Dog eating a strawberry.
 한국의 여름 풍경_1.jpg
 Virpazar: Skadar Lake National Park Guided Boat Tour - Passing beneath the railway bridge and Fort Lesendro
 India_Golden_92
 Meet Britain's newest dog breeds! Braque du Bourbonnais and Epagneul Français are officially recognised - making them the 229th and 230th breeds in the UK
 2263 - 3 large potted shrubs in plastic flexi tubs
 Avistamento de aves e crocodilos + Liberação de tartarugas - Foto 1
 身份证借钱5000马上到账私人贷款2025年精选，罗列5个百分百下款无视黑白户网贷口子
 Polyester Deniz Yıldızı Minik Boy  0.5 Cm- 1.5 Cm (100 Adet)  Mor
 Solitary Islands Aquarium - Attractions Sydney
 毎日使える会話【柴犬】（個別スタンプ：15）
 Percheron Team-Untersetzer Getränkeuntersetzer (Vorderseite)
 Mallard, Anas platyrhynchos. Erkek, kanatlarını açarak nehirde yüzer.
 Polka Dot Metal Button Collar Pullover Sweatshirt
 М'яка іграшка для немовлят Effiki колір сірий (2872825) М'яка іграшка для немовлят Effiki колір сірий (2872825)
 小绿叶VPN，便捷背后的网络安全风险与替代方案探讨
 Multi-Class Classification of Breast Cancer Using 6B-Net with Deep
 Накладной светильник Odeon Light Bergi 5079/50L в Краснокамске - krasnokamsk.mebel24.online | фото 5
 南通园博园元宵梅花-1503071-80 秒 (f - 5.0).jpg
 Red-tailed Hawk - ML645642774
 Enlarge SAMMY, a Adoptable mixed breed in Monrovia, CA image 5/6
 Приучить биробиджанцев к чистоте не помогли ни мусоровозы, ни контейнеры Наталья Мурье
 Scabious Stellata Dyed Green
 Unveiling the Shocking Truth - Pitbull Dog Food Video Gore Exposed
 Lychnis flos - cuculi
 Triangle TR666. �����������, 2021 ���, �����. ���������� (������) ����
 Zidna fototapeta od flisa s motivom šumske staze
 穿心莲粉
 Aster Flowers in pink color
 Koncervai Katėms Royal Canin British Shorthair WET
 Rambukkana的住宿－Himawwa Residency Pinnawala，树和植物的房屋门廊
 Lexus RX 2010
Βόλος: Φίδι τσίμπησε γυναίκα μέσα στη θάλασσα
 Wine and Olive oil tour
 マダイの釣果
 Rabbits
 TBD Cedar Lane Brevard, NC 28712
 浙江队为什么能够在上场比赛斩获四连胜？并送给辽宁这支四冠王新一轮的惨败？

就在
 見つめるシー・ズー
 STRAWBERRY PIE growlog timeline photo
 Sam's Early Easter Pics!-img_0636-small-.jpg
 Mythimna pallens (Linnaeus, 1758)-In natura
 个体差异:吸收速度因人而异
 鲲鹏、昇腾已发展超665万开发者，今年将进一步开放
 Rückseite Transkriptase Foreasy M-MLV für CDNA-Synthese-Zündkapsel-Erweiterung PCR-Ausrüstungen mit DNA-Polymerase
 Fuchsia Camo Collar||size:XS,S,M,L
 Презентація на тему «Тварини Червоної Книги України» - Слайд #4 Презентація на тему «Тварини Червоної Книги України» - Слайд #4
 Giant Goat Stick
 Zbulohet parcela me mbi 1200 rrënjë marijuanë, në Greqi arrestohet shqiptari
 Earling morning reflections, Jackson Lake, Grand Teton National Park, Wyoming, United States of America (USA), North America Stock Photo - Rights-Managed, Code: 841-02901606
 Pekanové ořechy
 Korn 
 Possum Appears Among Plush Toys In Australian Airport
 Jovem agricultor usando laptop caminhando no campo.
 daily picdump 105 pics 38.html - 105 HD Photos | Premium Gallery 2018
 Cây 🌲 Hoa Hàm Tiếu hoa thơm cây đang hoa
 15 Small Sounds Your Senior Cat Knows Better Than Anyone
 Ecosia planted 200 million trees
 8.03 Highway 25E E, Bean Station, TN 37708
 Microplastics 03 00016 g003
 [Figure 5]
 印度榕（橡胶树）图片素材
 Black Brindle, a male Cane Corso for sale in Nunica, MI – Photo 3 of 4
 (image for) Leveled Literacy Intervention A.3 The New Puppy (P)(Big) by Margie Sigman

● ● ●

Work request: The whole of the material above needs to be copied exactly.

Task solution:
Dog eating a strawberry.
 한국의 여름 풍경_1.jpg
 Virpazar: Skadar Lake National Park Guided Boat Tour - Passing beneath the railway bridge and Fort Lesendro
 India_Golden_92
 Meet Britain's newest dog breeds! Braque du Bourbonnais and Epagneul Français are officially recognised - making them the 229th and 230th breeds in the UK
 2263 - 3 large potted shrubs in plastic flexi tubs
 Avistamento de aves e crocodilos + Liberação de tartarugas - Foto 1
 身份证借钱5000马上到账私人贷款2025年精选，罗列5个百分百下款无视黑白户网贷口子
 Polyester Deniz Yıldızı Minik Boy  0.5 Cm- 1.5 Cm (100 Adet)  Mor
 Solitary Islands Aquarium - Attractions Sydney
 毎日使える会話【柴犬】（個別スタンプ：15）
 Percheron Team-Untersetzer Getränkeuntersetzer (Vorderseite)
 Mallard, Anas platyrhynchos. Erkek, kanatlarını açarak nehirde yüzer.
 Polka Dot Metal Button Collar Pullover Sweatshirt
 М'яка іграшка для немовлят Effiki колір сірий (2872825) М'яка іграшка для немовлят Effiki колір сірий (2872825)
 小绿叶VPN，便捷背后的网络安全风险与替代方案探讨
 Multi-Class Classification of Breast Cancer Using 6B-Net with Deep
 Накладной светильник Odeon Light Bergi 5079/50L в Краснокамске - krasnokamsk.mebel24.online | фото 5
 南通园博园元宵梅花-1503071-80 秒 (f - 5.0).jpg
 Red-tailed Hawk - ML645642774
 Enlarge SAMMY, a Adoptable mixed breed in Monrovia, CA image 5/6
 Приучить биробиджанцев к чистоте не помогли ни мусоровозы, ни контейнеры Наталья Мурье
 Scabious Stellata Dyed Green
 Unveiling the Shocking Truth - Pitbull Dog Food Video Gore Exposed
 Lychnis flos - cuculi
 Triangle TR666. �����������, 2021 ���, �����. ���������� (������) ����
 Zidna fototapeta od flisa s motivom šumske staze
 穿心莲粉
 Aster Flowers in pink color
 Koncervai Katėms Royal Canin British Shorthair WET
 Rambukkana的住宿－Himawwa Residency Pinnawala，树和植物的房屋门廊
 Lexus RX 2010
Βόλος: Φίδι τσίμπησε γυναίκα μέσα στη θάλασσα
 Wine and Olive oil tour
 マダイの釣果
 Rabbits
 TBD Cedar Lane Brevard, NC 28712
 浙江队为什么能够在上场比赛斩获四连胜？并送给辽宁这支四冠王新一轮的惨败？

就在
 見つめるシー・ズー
 STRAWBERRY PIE growlog timeline photo
 Sam's Early Easter Pics!-img_0636-small-.jpg
 Mythimna pallens (Linnaeus, 1758)-In natura
 个体差异:吸收速度因人而异
 鲲鹏、昇腾已发展超665万开发者，今年将进一步开放
 Rückseite Transkriptase Foreasy M-MLV für CDNA-Synthese-Zündkapsel-Erweiterung PCR-Ausrüstungen mit DNA-Polymerase
 Fuchsia Camo Collar||size:XS,S,M,L
 Презентація на тему «Тварини Червоної Книги України» - Слайд #4 Презентація на тему «Тварини Червоної Книги України» - Слайд #4
 Giant Goat Stick
 Zbulohet parcela me mbi 1200 rrënjë marijuanë, në Greqi arrestohet shqiptari
 Earling morning reflections, Jackson Lake, Grand Teton National Park, Wyoming, United States of America (USA), North America Stock Photo - Rights-Managed, Code: 841-02901606
 Pekanové ořechy
 Korn 
 Possum Appears Among Plush Toys In Australian Airport
 Jovem agricultor usando laptop caminhando no campo.
 daily picdump 105 pics 38.html - 105 HD Photos | Premium Gallery 2018
 Cây 🌲 Hoa Hàm Tiếu hoa thơm cây đang hoa
 15 Small Sounds Your Senior Cat Knows Better Than Anyone
 Ecosia planted 200 million trees
 8.03 Highway 25E E, Bean Station, TN 37708
 Microplastics 03 00016 g003
 [Figure 5]
 印度榕（橡胶树）图片素材
 Black Brindle, a male Cane Corso for sale in Nunica, MI – Photo 3 of 4
 (image for) Leveled Literacy Intervention A.3 The New Puppy (P)(Big) by Margie Sigman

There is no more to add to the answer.